Political Broadcasts - A special meeting of the Eisenhower administration cabinet held October 25, 1954 was the first time a US cabinet session was televised. The event featured then Secretary of State John Foster Dulles conveying his summary report on agreements signed in Paris, France. With the exclusion of vice-president Richard M. Nixon, all members were present. The meeting was carried over all ABC, NBC and CBS radio and television networks.

(Congress) Television was first brought from Washington to the homes of the American people on the opening of the joint session of the 80th Congress on Jan 3, 1947. In 1986, television cameras were placed in the Senate chambers on a trial six month experiment, thus allowing the American public see their politician's earn their paycheck. This service came to be known as CSPAN.

According to a survey conducted by the University of Maryland, 28% of the delegates who watched the political channel changed their opinion on either a candidate or an issue after hearing/viewing information on CSPAN.

(Conventions) The Republican National Convention held in Philadelphia on June 24-29, 1940, became the first political convention to be televised. It broadcast the nomination of Wendell Lewis Willkie (New York) and Charles Linza McNary (Oregon) as the Republican Party's choice for president and vice-president. Broadcast was covered by New York City station W2XBS.

(Debate) The first televised presidential political debate was telecast September 26, 1960 at 9:30 P.M.. The contestants included the Republican candidate, vice-president Richard M. Nixon and Democratic candidate, Senator John F. Kennedy. This face-to-face discussion originated live from Chicago and was telecast nationally into the homes of all American citizens lucky enough to own a television. Howard K. Smith of CBS Network was the moderator of these debates of which Kennedy opened and Nixon closed.

(Inauguration) Dwight D. Eisenhower was the first president sworn in on national television on January 20, 1953. (Interviews) Edward R. Murrow the host of the popular 1950s televised interview program PERSON TO PERSON conducted an interview with Cuban Leader, Fidel Castro who appeared in his pajamas on February 6, 1959. On October 22, 1974 Castro gave his first in-depth interview since 1968 when Dan Rather visited with him on the CBS Network report "Castro, Cuba & the U.S.A."
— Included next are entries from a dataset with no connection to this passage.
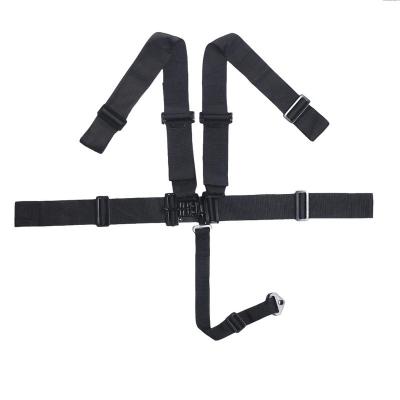 China 16.1 5-Point Tie Lock and SFI Race Car Certification Racing Seat Belt Safety Harness for sale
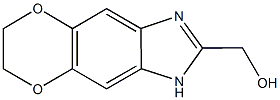 1H-[1,4]Dioxino[2,3-f]benzimidazole-2-methanol,  6,7-dihydro- CAS#: 870544-33-5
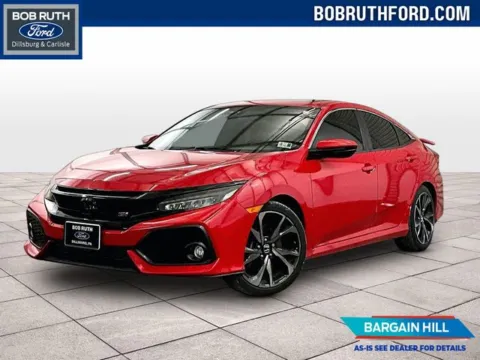 Red 2018 Honda Civic Si for sale in Dillsburg, PA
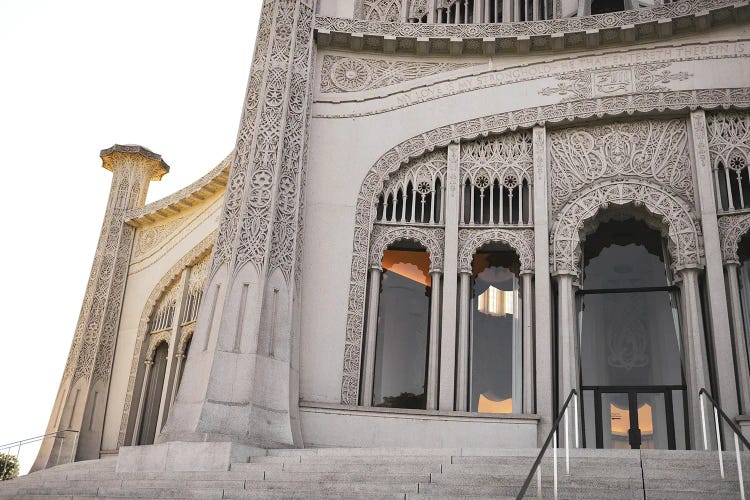 Entrance To Baha'i by Teal Production wall art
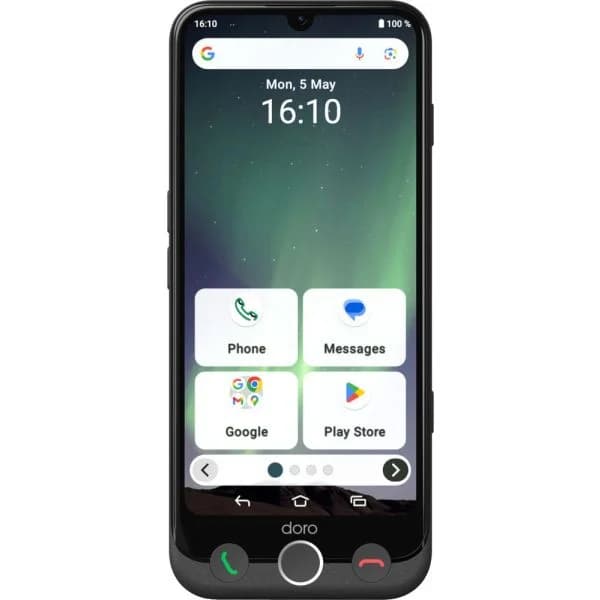 Doro Aurora A30 6.1" Dual SIM 6GB/128GB Black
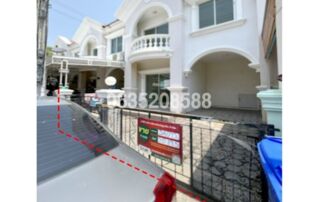ขายทาวน์เฮาส์ นิรันดร์วิลล์ 10 (Nirun Ville 10)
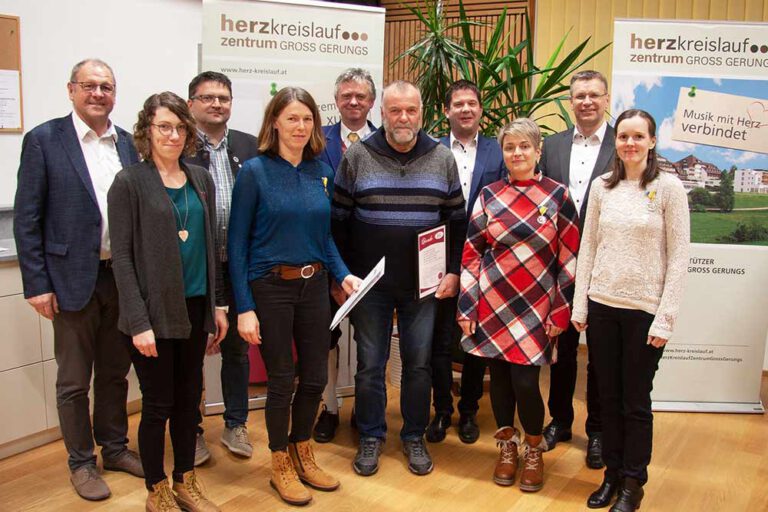 Geehrte Mitglieder bei der Jahreshauptverammlung 2024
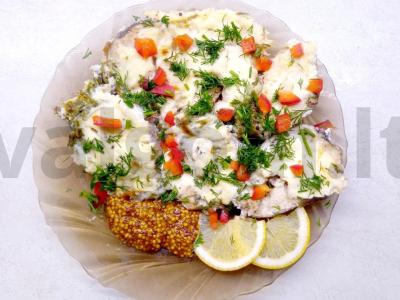 Kepama menkė orkaitėje pagrindine nuotrauka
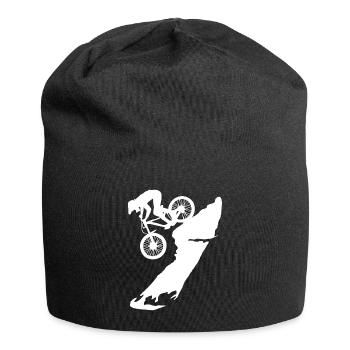 MTB downhill - Jersey Beanie - black - Front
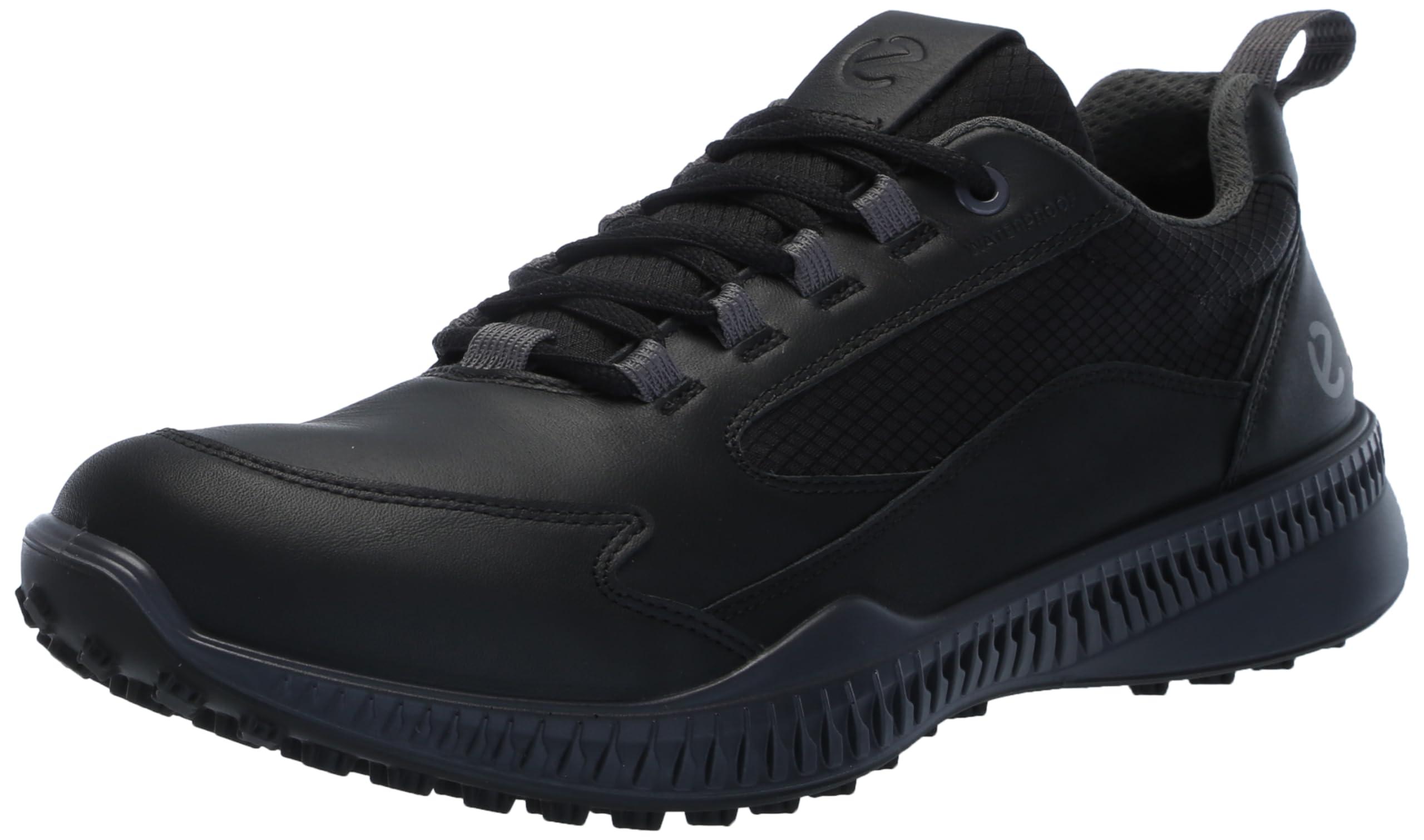 Ecco Hybrid Nyc Waterproof in Black for Men Lyst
(Press Coverage) President John F. Kennedy's first press conference (covered by all three networks) was the first live telecast of a presidential news conference. Broadcast on January 25, 1961, the conference was held in the auditorium of the State Department building in Washington, D.C.. A total of 31 questions were asked over a 38-minute period. Before this press conference, the typical Presidential conferences had been filmed and scheduled for later broadcast to the public. The first such filmed news conference for television was held on January 19, 1955 in the treaty room of the State Department building.. It featured President Dwight D. Eisenhower talking to the press for the total of 33 minutes. The conference was edited to 28 minutes before the broadcast.
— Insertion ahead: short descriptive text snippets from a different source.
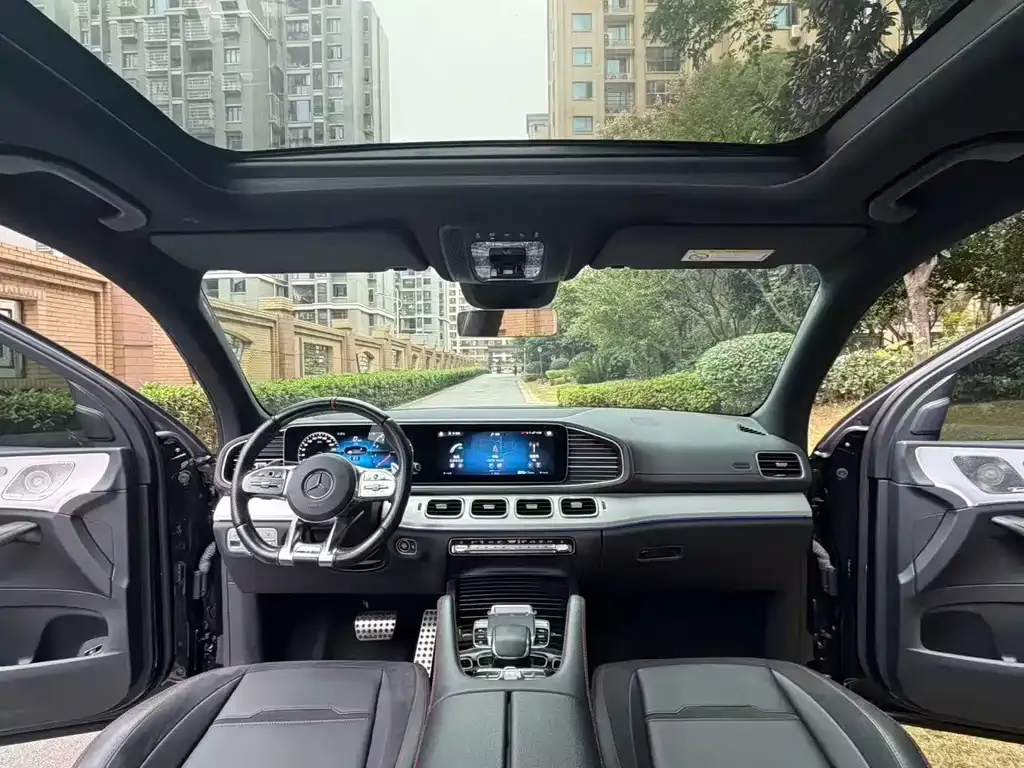 Mercedes-Benz GLE AMG — фото 3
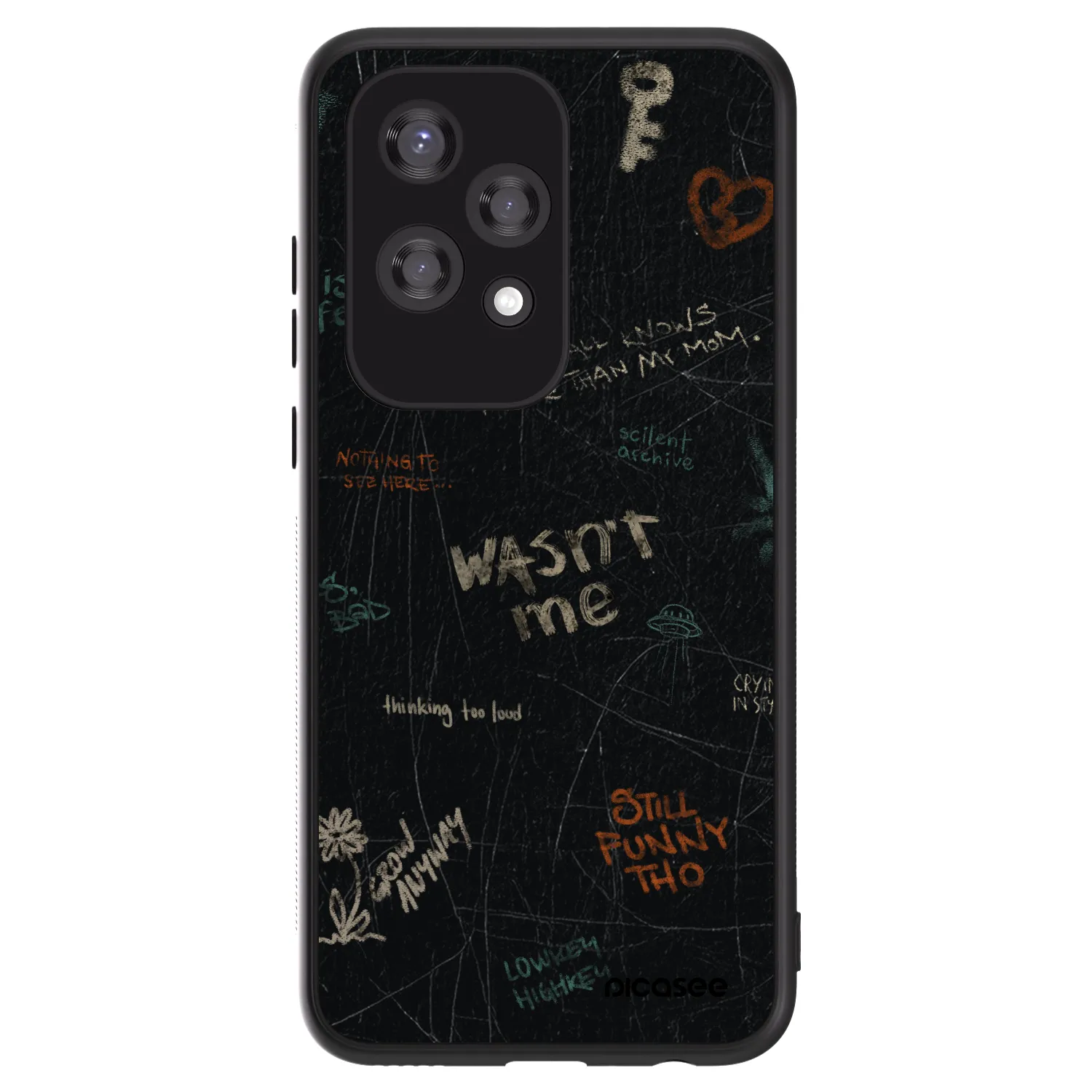 Picasee ULTIMATE CASE pro Honor 200 Lite - CONFESSION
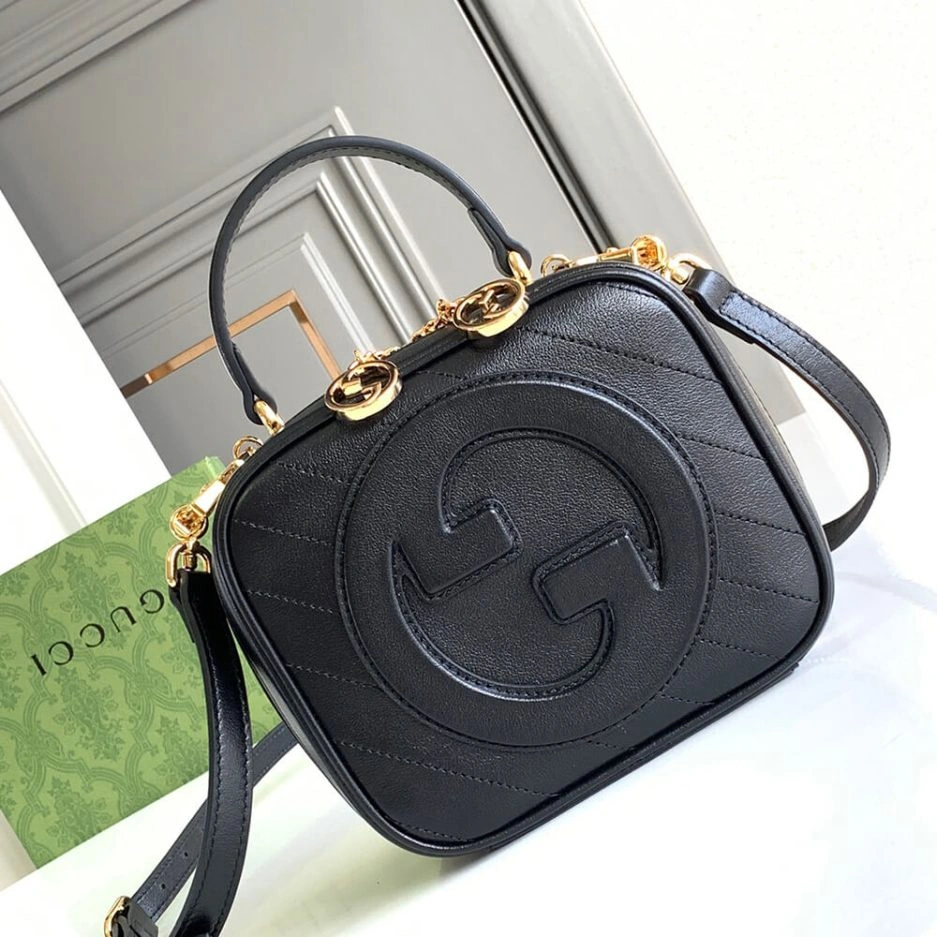 GUCCI BLONDIE TOP HANDLE BAG Durable 903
(Presidential Appearances) Franklin Delano Roosevelt was the first President to appear on television. On April 30, 1939, Roosevelt spoke at the opening session of the New York World's Fair on the exposition grounds in Flushing, Long Island. The event was transmitted/received via two mobile vans owned by station WNBT of the National Broadcasting Company.

President Harry S. Truman made his first "live" television appearance at a Navy Day speech in New York's Central Park on October 27, 1945.

The first regular coast-to-coast telecast on September 4, 1951 was President Harry S. Truman's address at the opening of the Japanese Peace Treaty Conference in San Francisco. Broadcast by all four networks (ABC, DuMont, CBS, NBC). President Dwight D. Eisenhower was the first President to appear in "color" on television over the NBC network. This historic event occurred during his June 7, 1955 commencement address to the graduates of the Military Academy at West Point, New York.